Required work:
Below is a listing with pictures. Repeat exactly the lines starting at the one holding "Alpha Industries L-2B" and going on through the one holding "Chemical Guys New", and leave every picture out.

--- Supplied material Enclosed Below ---

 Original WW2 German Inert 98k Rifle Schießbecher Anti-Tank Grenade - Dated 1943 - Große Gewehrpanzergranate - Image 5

--- End of Enclosed Supplied material ---
--- Supplied material Enclosed Below ---

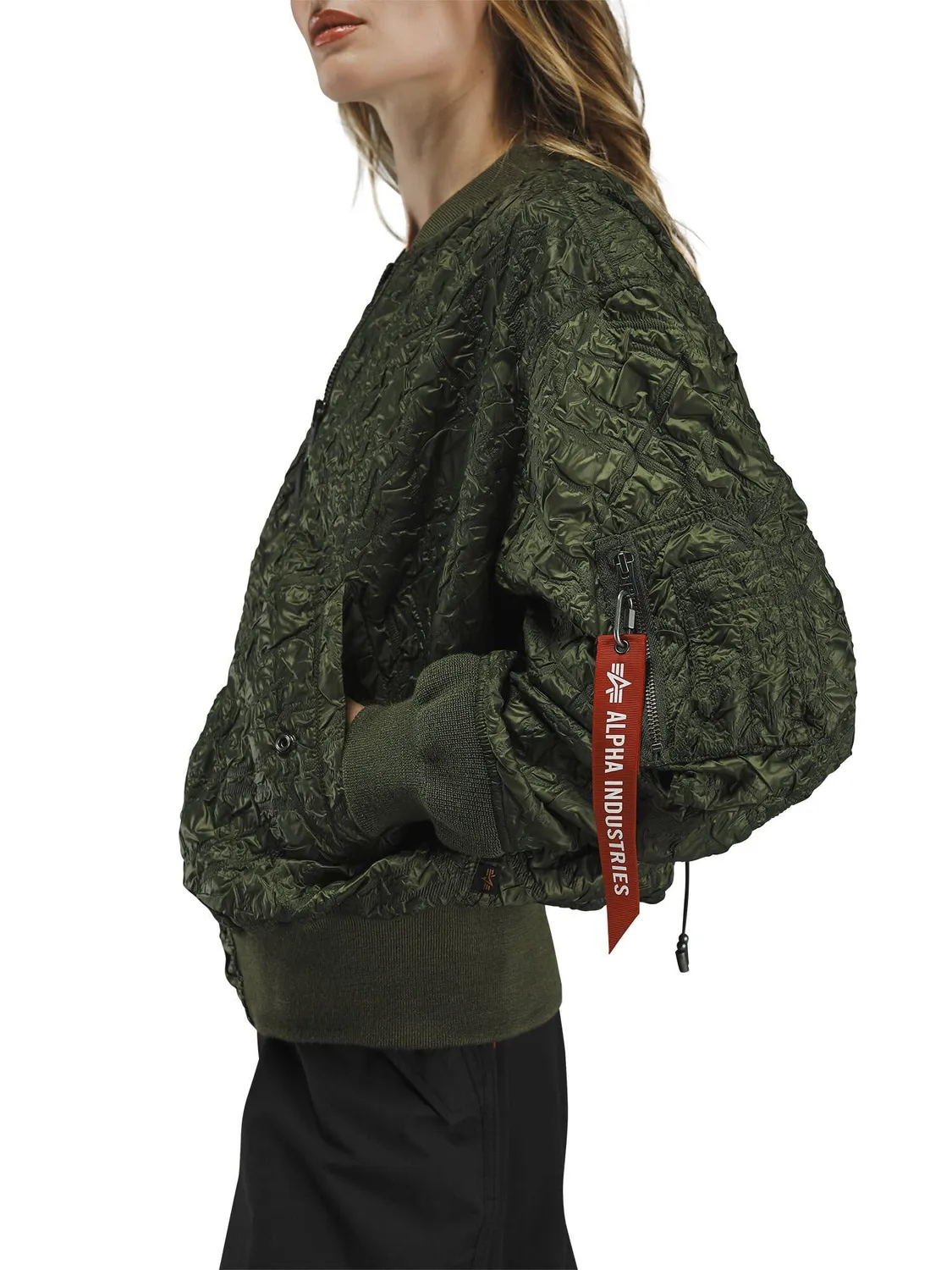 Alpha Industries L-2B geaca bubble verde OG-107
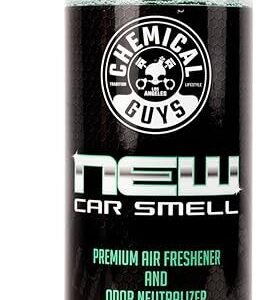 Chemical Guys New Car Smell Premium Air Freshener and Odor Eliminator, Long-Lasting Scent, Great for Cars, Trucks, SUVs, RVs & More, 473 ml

--- End of Enclosed Supplied material ---
--- Supplied material Enclosed Below ---

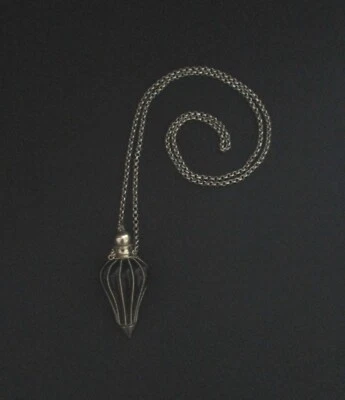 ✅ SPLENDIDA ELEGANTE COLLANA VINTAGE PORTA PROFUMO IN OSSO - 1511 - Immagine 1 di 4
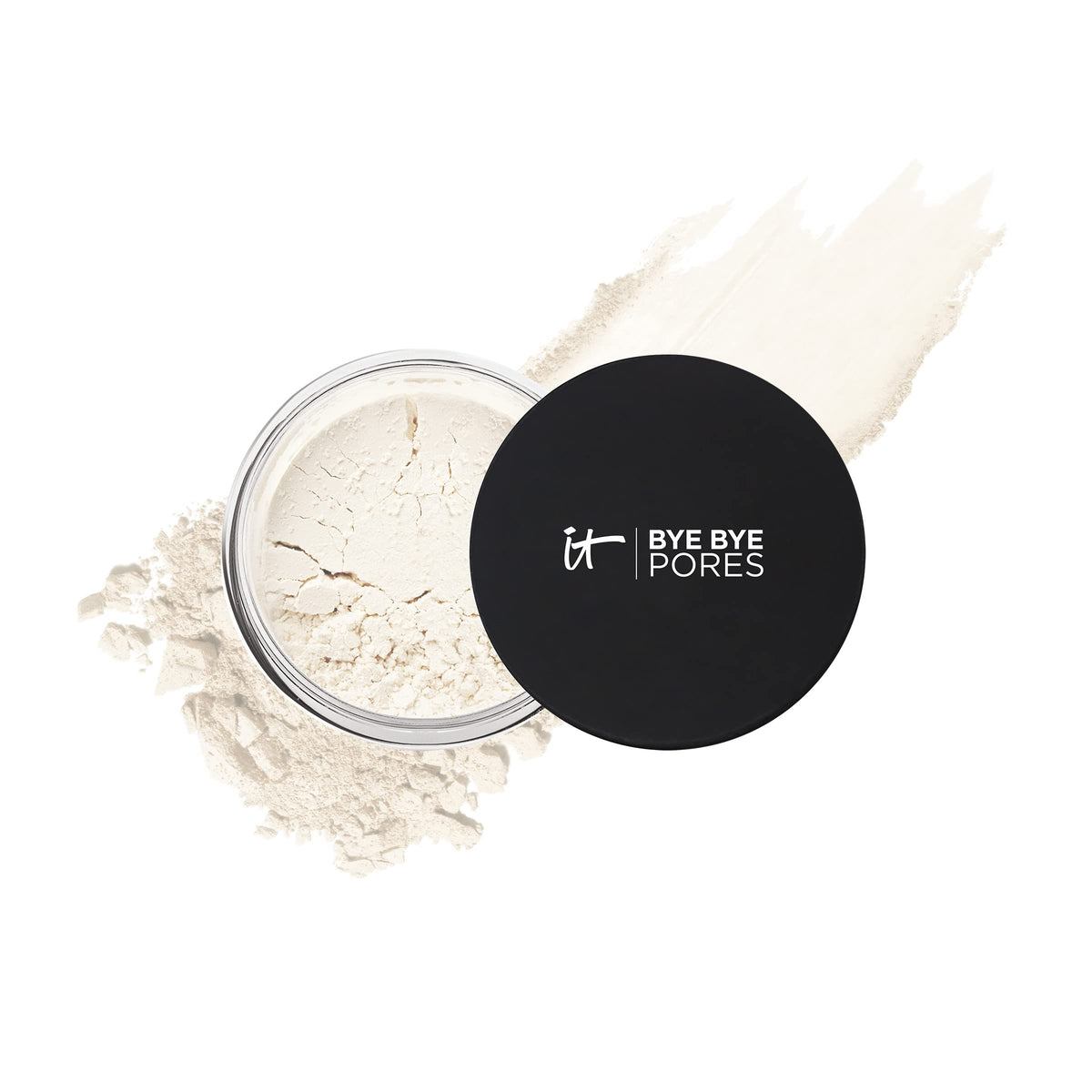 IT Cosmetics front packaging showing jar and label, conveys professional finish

--- End of Enclosed Supplied material ---

Exercise solution:
 Alpha Industries L-2B geaca bubble verde OG-107
 Chemical Guys New Car Smell Premium Air Freshener and Odor Eliminator, Long-Lasting Scent, Great for Cars, Trucks, SUVs, RVs & More, 473 ml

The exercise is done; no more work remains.